"Aussitôt après nous commence le monde que nous avons nommé, que nous ne cesserons pas de nommer le monde moderne. Le monde qui fait le malin." Charles Péguy

11/09/2008

La France est-elle soluble dans le Califat ?


A propos de l’ouvrage de Corinne Maier et Frank Martin, Manuel de savoir-vivre en cas d’invasion islamique.

Depuis ma conversion à l’islamophilie, une question me taraude, la France serait-elle soluble dans le Califat ? Si tel était le cas, ce serait heureux. En effet, nous sommes si embêtés aujourd’hui avec ces histoires de chocs des civilisations et de différences culturelles insurmontables que le mieux serait certainement de savoir dépasser tout ça grâce à la promotion d’une culture universelle qui saurait s’imposer à tous. Ça serait une bonne occasion de souligner les racines communes de l’humanité, et de prouver que, lorsqu’on sait lui tendre la main (quand je dis on, je parle des hommes bien sûr, pour les femmes c’est a priori plus délicat), l’Autre islamiste n’est pas si différent de nous et qu’il peut se montrer lui-même très ouvert. Et quoi de plus élégant de la part d’une culture majoritaire, la culture française, ou « gauloise », comme aiment à l’appeler les auteurs de l’ouvrage dont il sera question ici, que d’adopter la culture d’une minorité et de renoncer à la sienne ? N’est-ce pas le sacrifice suprême qui serait ainsi effectué pour la bonne cause de l’ouverture à l’Autre ? Le sacrifice de soi, l’acte christique par excellence… Paris, si l’on y réfléchit un peu, vaut bien plus qu’une messe…

C’est pour cette raison que le petit livre de « l’auteure » Corinne Maier, comme l’appelle son éditeur(e ?), tombe pour moi à point nommé. Le but de cet ouvrage, intitulé Manuel de savoir-vivre en cas d’invasion islamique, et publié par Michalon, est au fond moins de nous préparer à l’arrivée d’un régime islamique en France que de nous prouver que d’une certaine façon ce régime est déjà là. En effet, à en croire Corinne Maier et le co-auteur du livre Frank Martin, à y regarder de près, nous serions bien en peine de trouver des différences vraiment substantielles entre la France d’aujourd’hui et le régime islamique qui s’imposera demain dans notre pays. Comme le dit la quatrième de couverture « islamique ou pas, la France sera toujours la France ». Prenons pour commencer le problème des Dhimmis, ces « soumis » ou ces « protégés » qu’étaient en terre d’islam les Juifs et les chrétiens, et qui se devaient par exemple de porter des vêtements de couleurs vives afin de ne pas être confondus avec les bons musulmans. On pourrait penser qu’une « société à deux vitesses » de ce genre ne pourrait exister dans un pays attaché à l’égalité des citoyens et aussi, incidemment, à leur liberté. Mais ce serait oublier, comme le soulignent avec à-propos les deux auteurs, que pour ce qui concerne les Dhimmis la France n’a de leçon à recevoir de personne : grâce à ses immigrés, ses femmes et autres minorités visibles (p. 23), c’est une experte en la matière. Les Dhimmis sont déjà parmi nous, et avec l’avènement d’un régime islamique, même si ces Dhimmis ne seront plus nécessairement les mêmes, le concept restera, l’hypocrisie en moins. Au diable l’égalité formelle, vive la dhimmitude réelle ! Nous n’aurons qu’à nous féliciter de cette clarification sémantique.
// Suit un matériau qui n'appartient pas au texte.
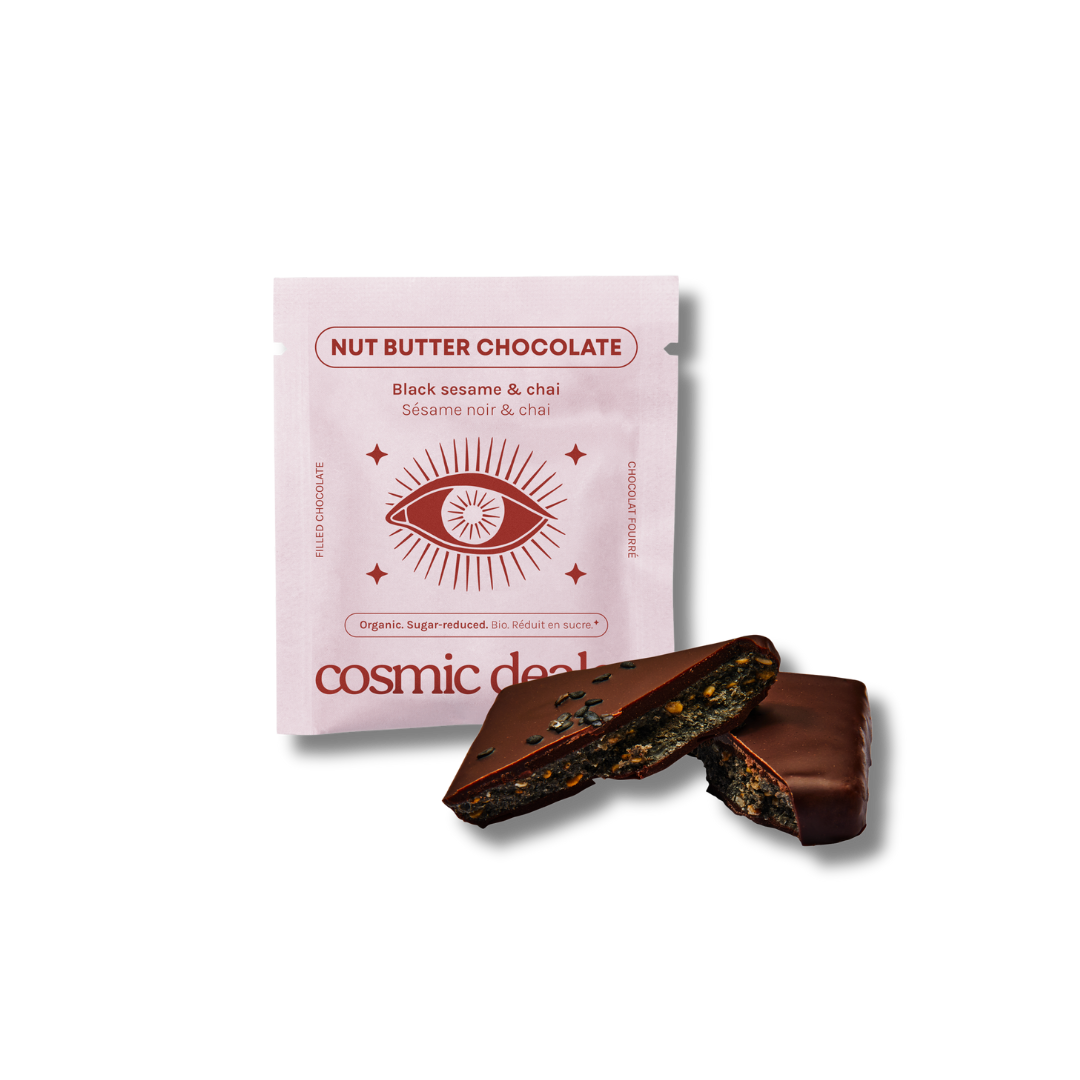 High-Vibes Raw Dark Chocolate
« Ciao le petit Jésus, bonjour le Prophète (p. 21) »

Pour ce qui concerne la religion catholique, comme le soulignent les auteurs, il ne faut pas trop s’en faire. Presque plus personne en France n’est vraiment catholique, et les catholiques eux-mêmes ont tendance à s’asseoir sur les principes si difficiles à respecter de cette religion si austère (bien qu’elle fut à l’origine d’un foisonnement artistique sans équivalent dans l’histoire humaine, les voies du Seigneur sont impénétrables). En outre les auteurs, reprenant ainsi sans apparemment le savoir la rhétorique musulmane (mais ça n’en a que plus de valeur et prouve que l’islamisation des esprits est plus poussée encore que les auteurs ne le pensent), insistent sur la communauté de pensée qui réunirait les « religions du Livre ». D’une religion du Livre à l’autre, c’est kif-kif bourricot comme on dit à peu près des deux côtés de la Méditerranée, et il faudrait vraiment être un catholique coincé et frileux pour se formaliser d’une simple évolution du vocabulaire (de catholique à musulman) qui ne changera rien sur le fond.
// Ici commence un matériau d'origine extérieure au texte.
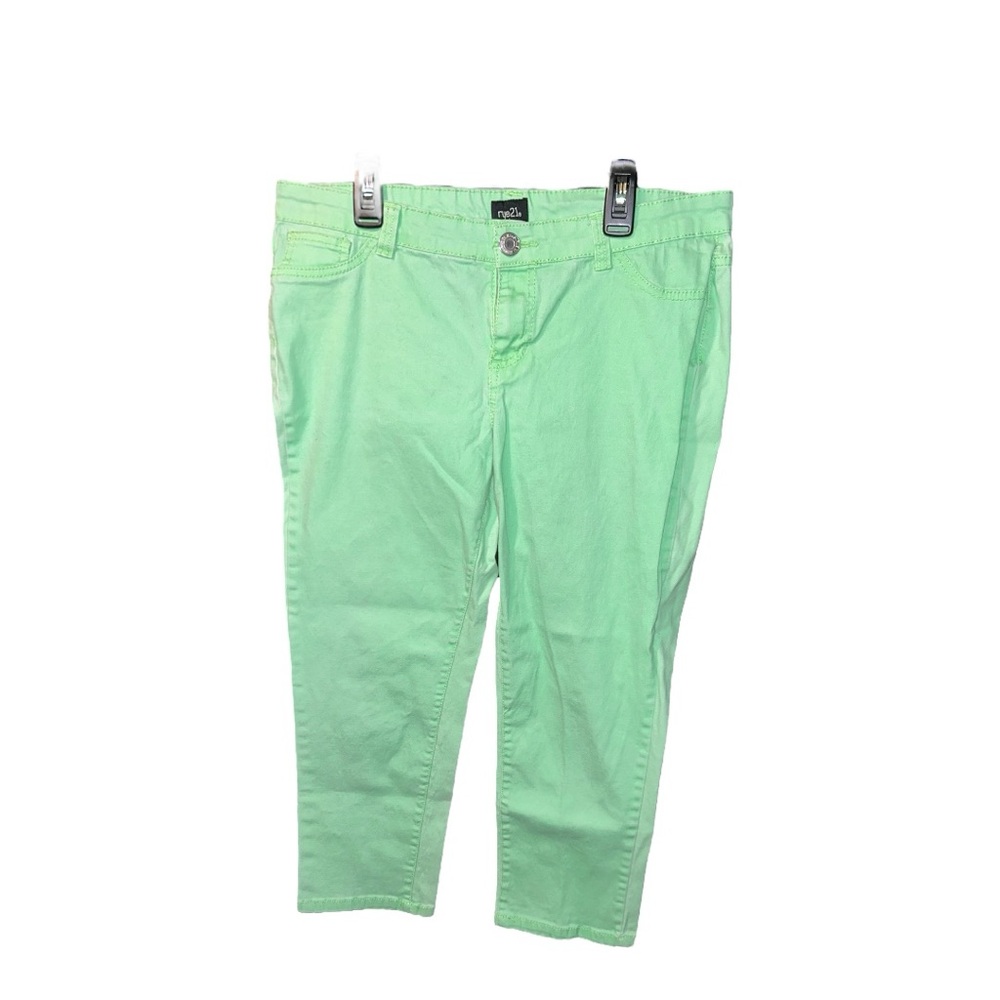 Rue21 Mint Green Skinny Jeans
Peut-être certains d’entre vous s’inquiètent-ils de la sévérité de la loi coranique ? Qu’ils se rassurent, cette loi n’est que rarement appliquée par les pays musulmans, en outre s’il faut en croire Foucault revu et (sévèrement) corrigé par les auteurs (p. 67), l’Occident en choisissant de surveiller plutôt que de punir n’a guère amélioré la condition du délinquant, potentiel ou avéré.
Pour les autres points qui pourraient poser problèmes, je vous renvoie à cet ouvrage qui fait d’une façon très efficace l’apologie d’une nouvelle sorte de regime change. Bush revu par Ben Laden. De quoi, une fois encore, réconcilier les frères ennemis.

Pour en revenir à la question d’origine, la France est-elle soluble dans le Califat ? la réponse est oui, bien sûr. A condition de faire quelques efforts pour ce qui concerne la diversité, aujourd’hui mieux défendue selon nos auteurs dans les pays musulmans qu’en France, la France est aisément soluble dans le Califat. A condition aussi, comme le disent encore les auteurs, que les Français sachent rester fidèles à eux-mêmes, comme ils ont su le faire sous Vichy par exemple (p.172).
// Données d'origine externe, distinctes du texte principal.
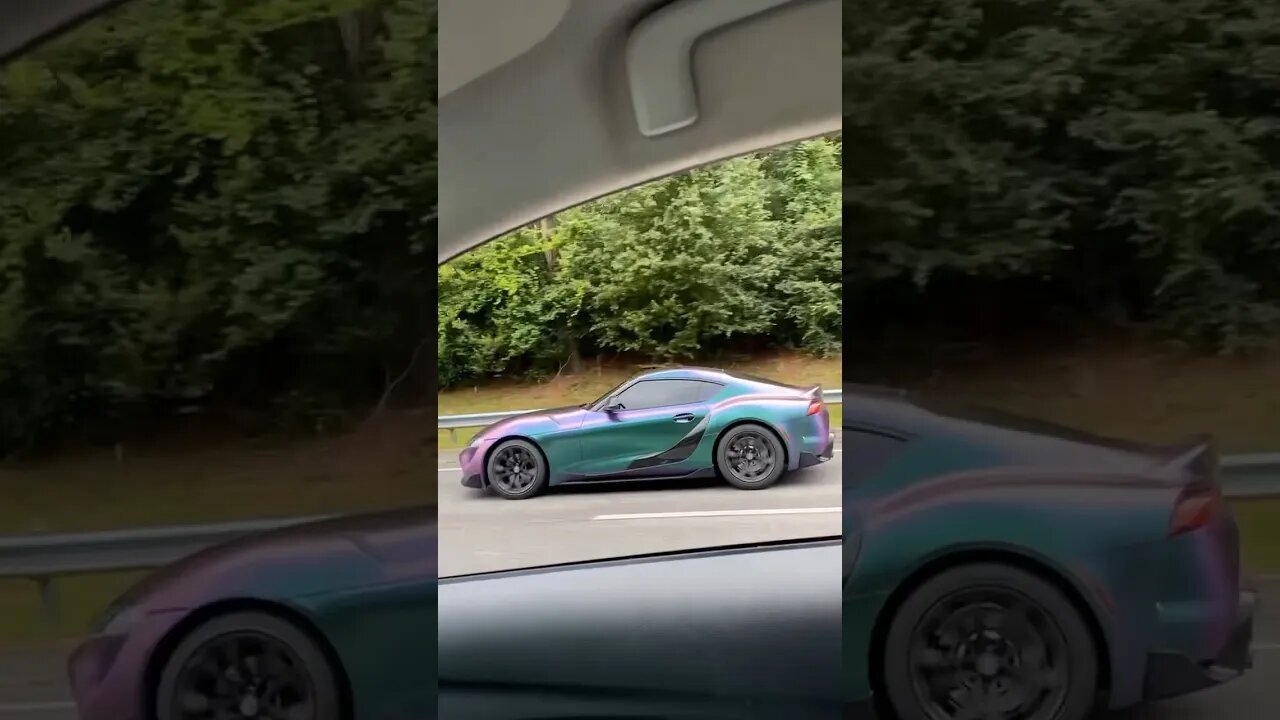 The prettiest pearlescent paint job from GTA IRL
Voilà, la preuve est faite, la France cumulant tous les défauts d’une république islamiste sans en avoir les avantages, autant se débarrasser dès que possible de ce nom propre encombrant et chargé d’une histoire aussi répugnante qu’incompréhensible. Si l’on considère en outre qu’une telle unification de la société française sous la bannière de l’islam ne pourra que favoriser la paix sociale, disons-le tout net, le plus tôt sera le mieux !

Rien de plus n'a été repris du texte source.